Maurits Cornelis Escher (1898-1972)
Maurits Cornelis Escher is one of the world’s most famous graphic artists. His art is enjoyed by millions of people all over the world, as can be seen on the many websites on the internet.
He is most famous for his so-called impossible constructions, such as Ascending and Descending, Relativity, and his Transformation Prints, such as Metamorphosis I, Metamorphosis II and Metamorphosis III, Sky & Water I or Reptiles.
But he also made some wonderful, more realistic work during the time he lived and traveled in Italy.
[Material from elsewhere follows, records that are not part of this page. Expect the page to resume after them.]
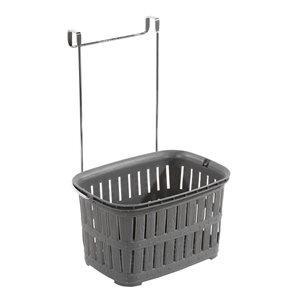 Storage basket with hooking system - Tekno-tel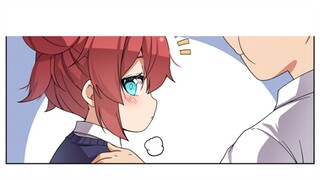 【碧蓝档案】恶作剧的失误（画师：X@koji_campus）(视频作者：Sebi Archive)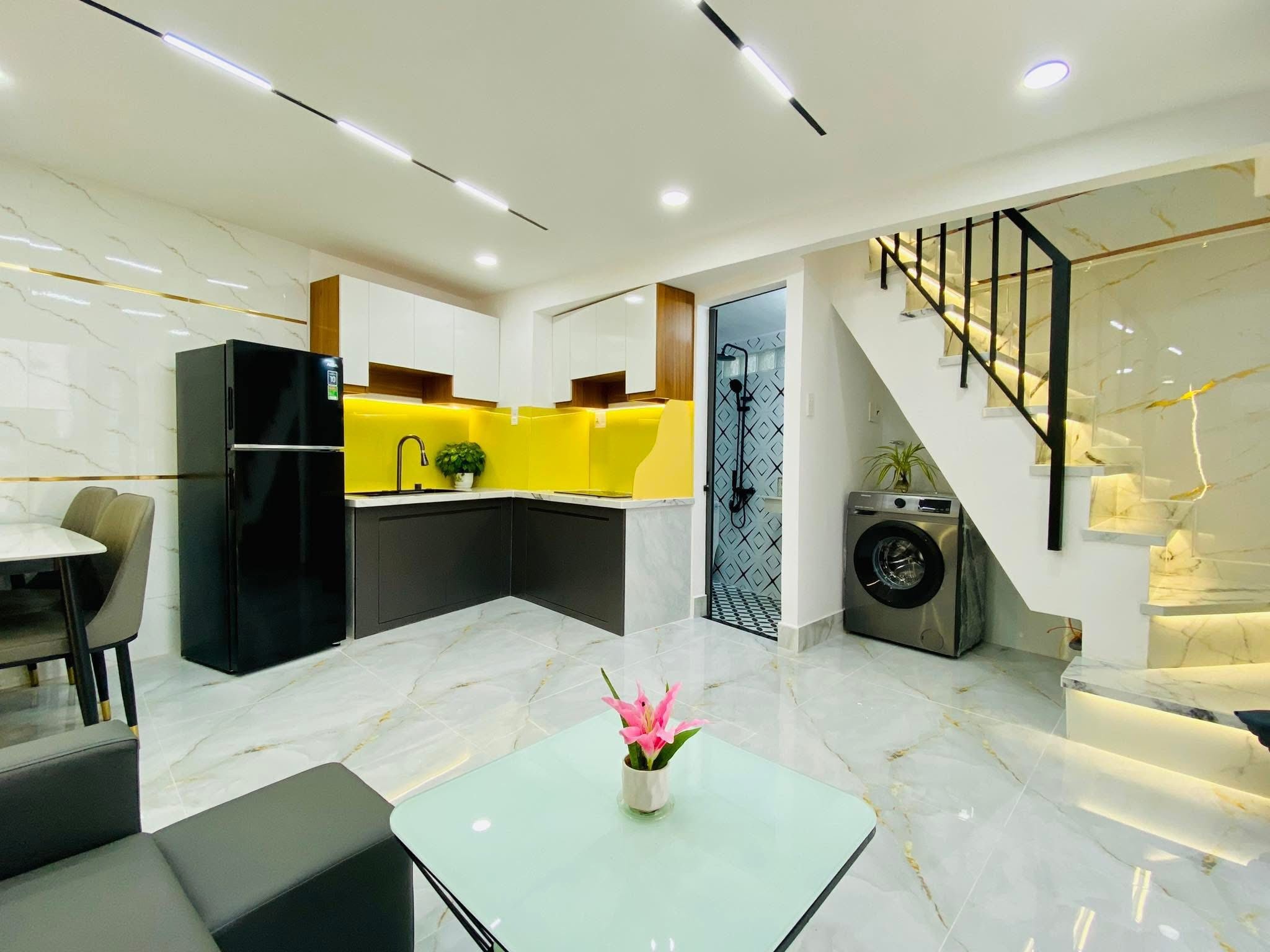 4❌6m, BÁN NHÀ 2 TẦNG, HẺM Ô TÔ 4M, LÊ ĐỨC THỌ, P14 GV, LQ 3 TỶ - Ảnh 4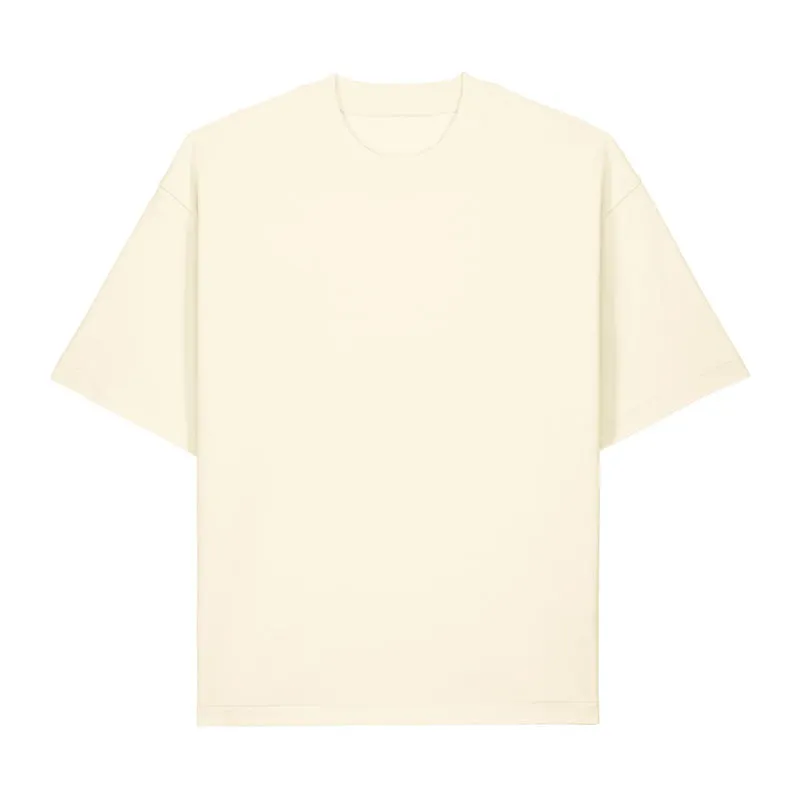 The unisex heavy weight boxy t-shirt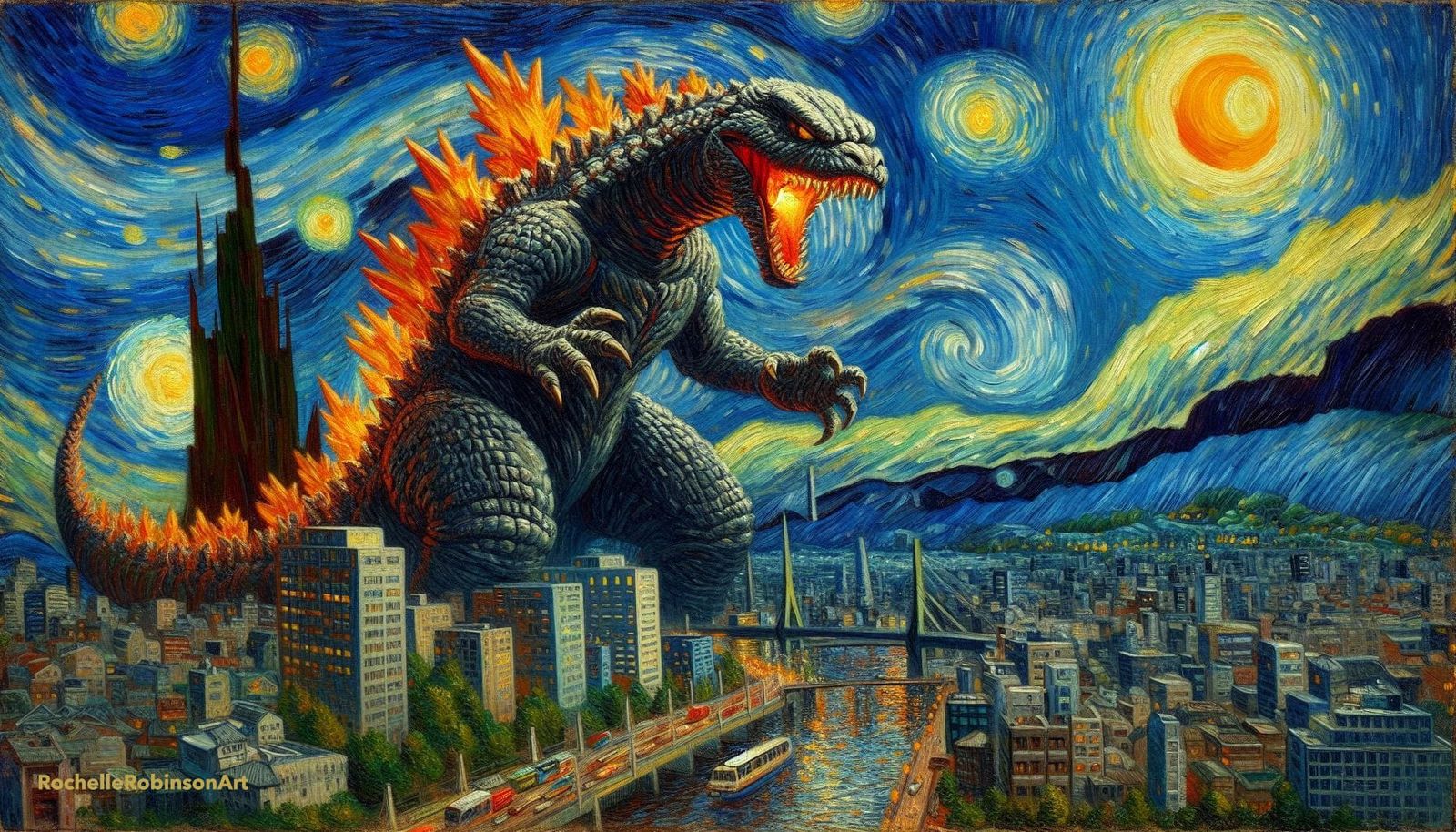 Godzilla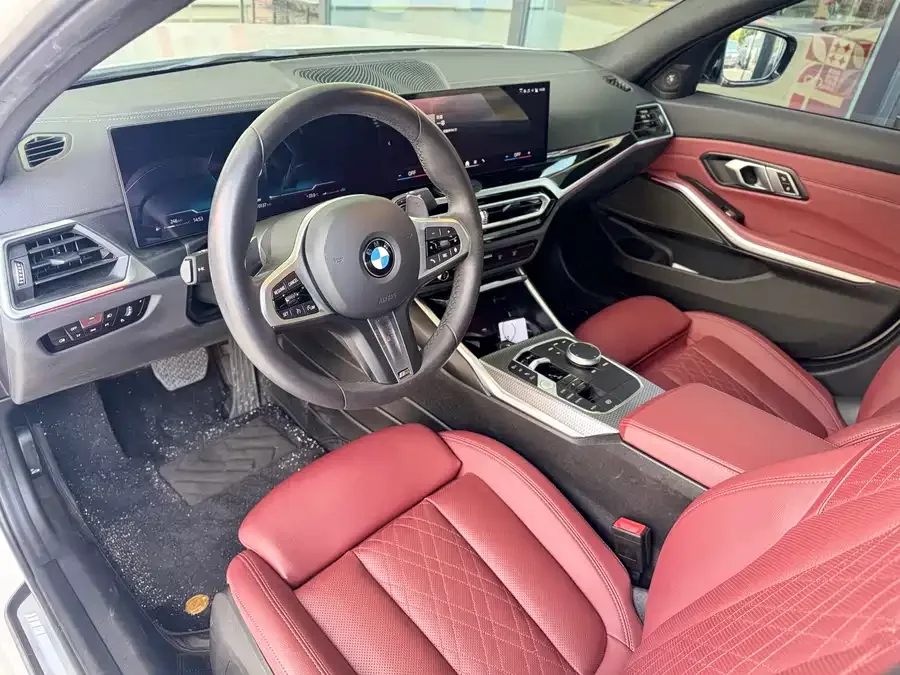 BMW 3 Series BMW 3 Series 2024 325i M Sport Night Edition 2024 — миниатюра 5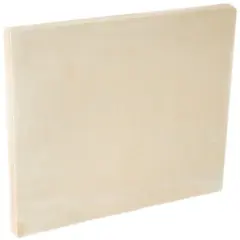 CousinDIY Unfinished Wood Canvas-10"X10"X0.75"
Castrovalva for example, where one already can see Escher’s fascination for high and low, close by and far away. The lithograph Atrani, a small town on the Amalfi Coast was made in 1931, but comes back for example, in his masterpiece Metamorphosis I and II.
M.C. Escher, during his lifetime, made 448 lithographs, woodcuts, wood engravings, and over 2000 drawings and sketches. Like some of his famous predecessors, – Michelangelo, Leonardo da Vinci, Dürer, and Holbein-, M.C. Escher was left-handed.
Apart from being a graphic artist, M.C. Escher illustrated books and designed tapestries, postage stamps, and murals. He was born in Leeuwarden, the Netherlands, as the fourth and youngest son of a civil engineer. After 5 years the family moved to Arnhem where Escher spent most of his youth. After failing his high school exams, Maurits ultimately was enrolled in the School for Architecture and Decorative Arts in Haarlem.